Sitting just a few feet away, I was feeling the pain and embarrassment and it was almost like watching a plane crash from afar – nothing you can do to help, just wait for the loud bang with gritted teeth. Deciding to play devil’s advocate, I entered the fray to try and iron things out by suggesting we left them to ponder at his desk for little while. Making a let’s split gesture to Frank, we made them some drinks and popped outside for a sneaky puff, but my workmate made it quite clear outside he did not want any help. Far from being someone who takes pleasure in watching someone hang themselves, on this occasion, I decided to sit in the viewing gallery having had a genuine offer of assistance rebuffed with mild hostility.

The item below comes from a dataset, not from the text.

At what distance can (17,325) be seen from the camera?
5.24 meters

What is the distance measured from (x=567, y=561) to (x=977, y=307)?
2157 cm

Frank sauntered back to the couple sat at his desk and the husband asked if the deal could be explained to them one more time before they decide. This was sadly the straw that broke the camel’s back for Frank. Thumping his hand on the desk, Frank yelled, ‘Jesus wept! It’s your legs that are knackered not your head surely’. Well, in one of those surreal moments of silence, the couple with perfect timing looked at each other, swigged their coffees down and quietly walked out of the showroom without muttering a word.
Frank was duly summoned into the Sales Manager’s office for tea and biscuits before being seen quietly walking out of the premises about 15 minutes later!